Toby Huss as John Bosworth in AMC's "Halt and Catch Fire." Credit: MCT
THE SHOW "Halt and Catch Fire"
WHEN | WHERE Premieres Sunday at 10 p.m. on AMC
WHAT IT'S ABOUT It's the early 1980s, and in Texas' "Silicon Prairie," a small company, Cardiff Electric, is about to make a big move -- a move it doesn't even know about yet. The company has hired former IBM exec Joe MacMillan (Lee Pace) to boost sales, but Joe instead enlists company engineer Gordon Clark (Scoot McNairy) to reverse-engineer the newly released IBM PC -- then tells IBM what he has done. Before hell breaks loose, Clark has to convince his wife, Donna (Kerry Bishé), that he hasn't just demolished their future, and Joe must hire another engineer -- Cameron Howe (Mackenzie Davis) -- who doesn't seem quite like an engineer.
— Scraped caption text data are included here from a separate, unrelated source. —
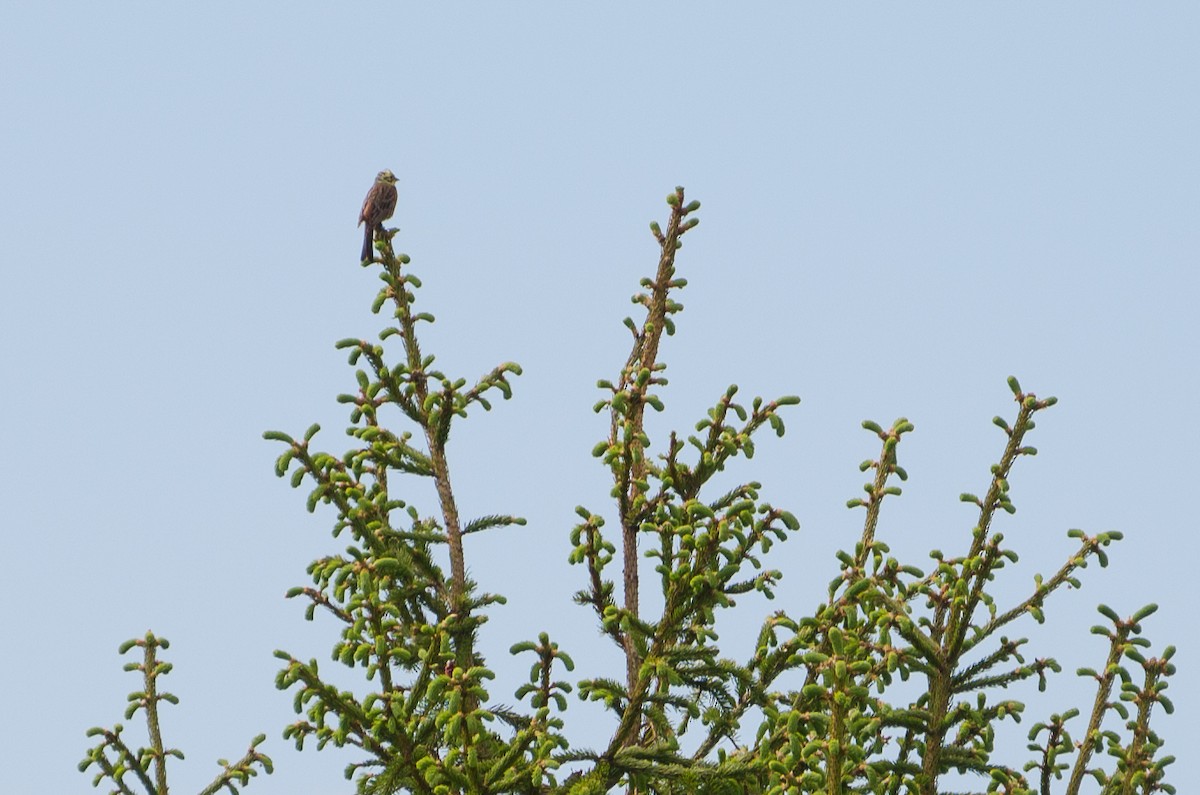 Yellowhammer - ML129506831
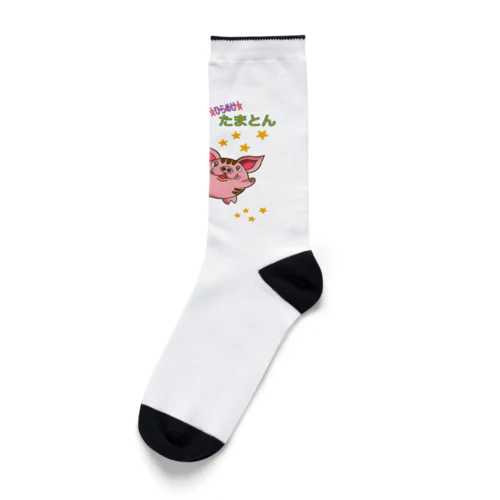 ★ひらめけ★たまとん Socks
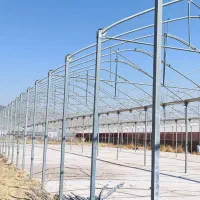 گلخانه ۲۵۰۰ متری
MY SAY There are few things less sexy than the old "PC," such as an Altair or one of those clunkers from Tandy. They looked like square tortoises and moved just about as fast. "Halt" resolves this sexy-as-a-tortoise problem a couple of ways. First of all, there's sex -- even before the opening credits. Pace's MacMillan is a late-model Don Draper with fast lines, faster moves, and could sell water -- to use the old line -- to a drowning man.
Next, "Halt" strips away viewers' ingrained sense of tech superiority by blasting them straight back to a you-are-there moment (early '80s) when the IBM PC really was the king about to be devoured by a swarm of hungrier, nimbler and smarter wannabes.
This was, in fact, a thrilling millisecond in the history of American industry, and "Halt" brings you right to the precipice. Rules? What rules? This was about a future no one could possibly imagine and a "present" built on sand. Eager to get into the market, IBM's PC was itself a copycat, with one easily copied killer app -- its proprietary BIOS ("basic input output system"). Before long, everyone seemed to have an IBM "clone."
That's your backdrop to "Halt," but the foreground is a compelling human one. Is there a compelling TV series built on any of this? Beats me, but like Joe, the pilot does a heck of job selling the promise of one.
BOTTOM LINE Entertaining, engaging start.